Kingfisher is expected to have a tough time finding investors, while smaller cellular carriers are said by industry insiders to have slowed or stopped investing. Without reforms, about 560 billion rupees in loans to the power sector are at risk, ratings agency CRISIL said in October.
In one recent hopeful sign, India unexpectedly increased by $10 billion foreign investment limits on local bonds.
India's aviation minister has asked states to cut the sales tax on jet fuel, although they have not yet done so. The government may also lift a ban on foreign airlines investing in Indian carriers, which could provide a lifeline to Kingfisher.
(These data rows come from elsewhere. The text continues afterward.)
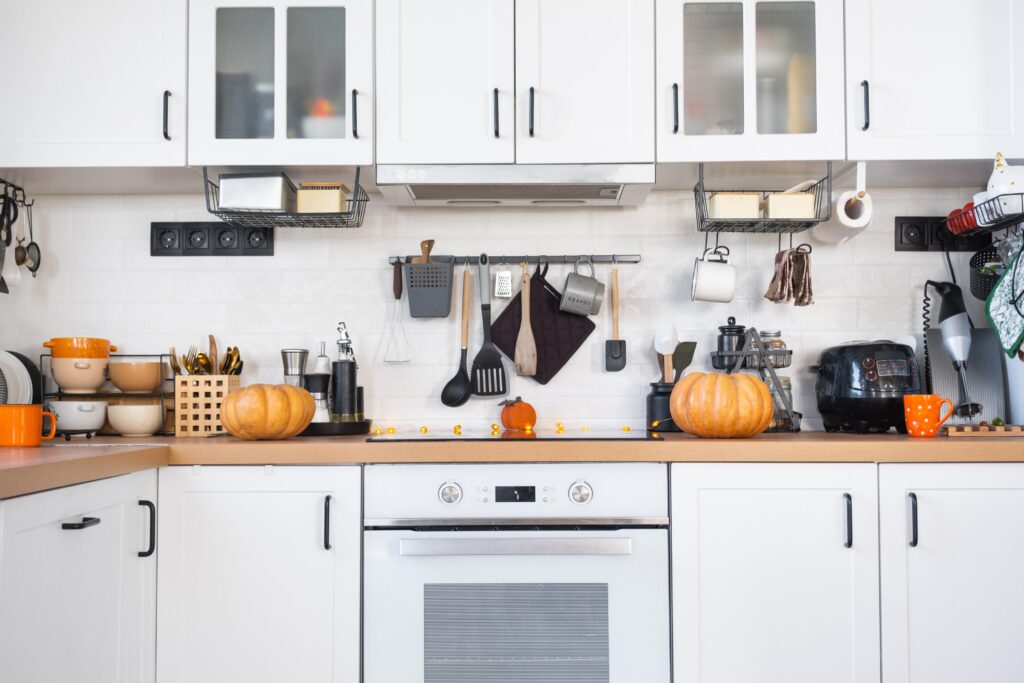 A clean and organized kitchen with white cabinets, ready for kitchen cabinet installation or showcasing the finished result.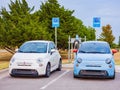 Close up shot of two Fiat 500e charging at the station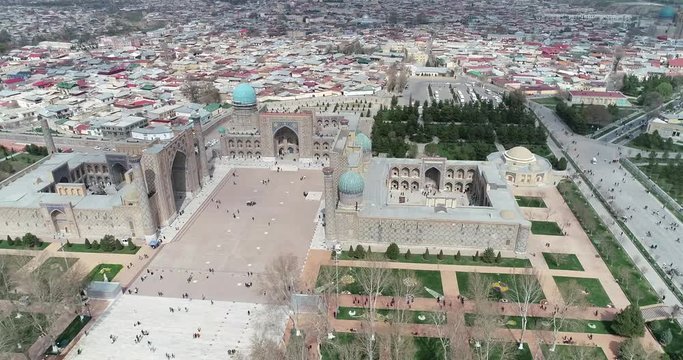 Aerial cityscape The Registan Square is the best place to discover the old Uzbek architecture and to enjoy the great mosaic decorations, Samarkand, Uzbekistan.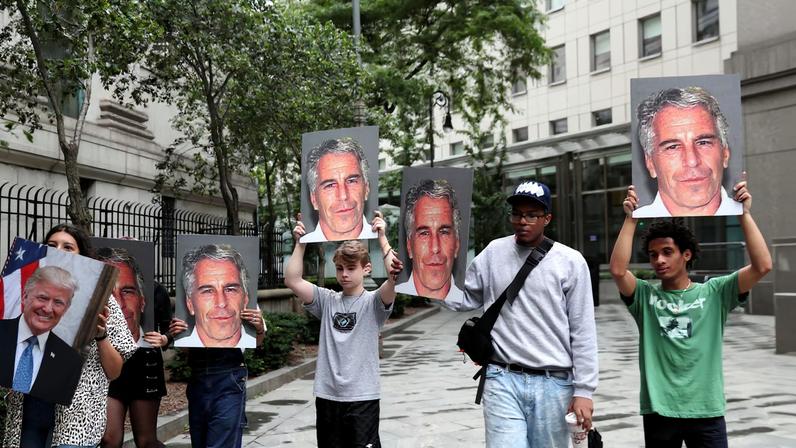 Demonstrators hold signs aloft protesting Jeffrey Epstein, as he awaits arraignment in the Southern District of New York on charges of sex trafficking of minors and conspiracy to commit sex trafficking of minors, in New York, U.S., July 8, 2019. REUTERS/Shannon Stapleton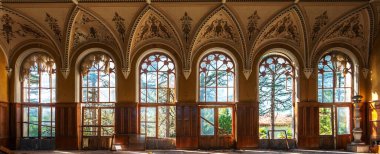 Gotik tarzda terk edilmiş bina içi uzun kemerli pencereler, karmaşık tavan detayları ve çürümüş ahşap paneller. Kırık pencerelerden geçen güneş ışığı unutulmuş olanları vurgular.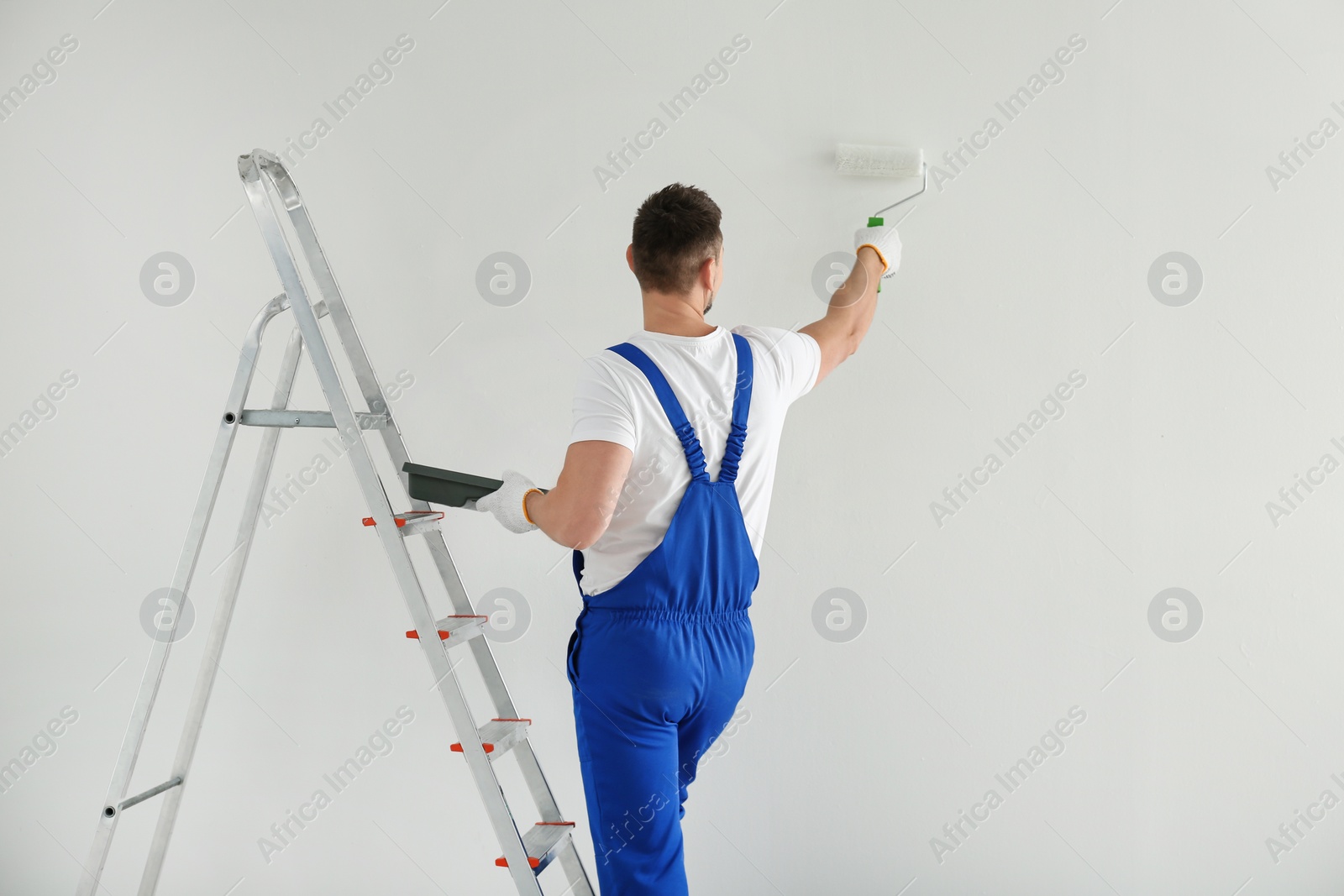 Photo of Man painting wall with white dye indoors, back view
A pending telecoms policy could make it easier for operators to merge with each other or exit, reducing competition.
State electricity boards have begun to raise tariffs.
In some cases, the market is doing what regulators have not. After years of ferocious competition, cellular firms have begun to push up call rate and shares in carriers Bharti Airtel and Idea Cellular have raised this year as weaker players are unable to compete aggressively.
There is enough awareness in the country that unless we improve the health of the state electricity boards, the entire progress, economic progress will come to a halt, Akhil Gupta, India head of U.S. private equity giant Blackstone Group, told the recent Reuters India Investment Summit.
Blackstone has invested nearly $780 million in five Indian power companies in the last two years. Gradually people are saying, look: you can't have your cake and eat it too, he said.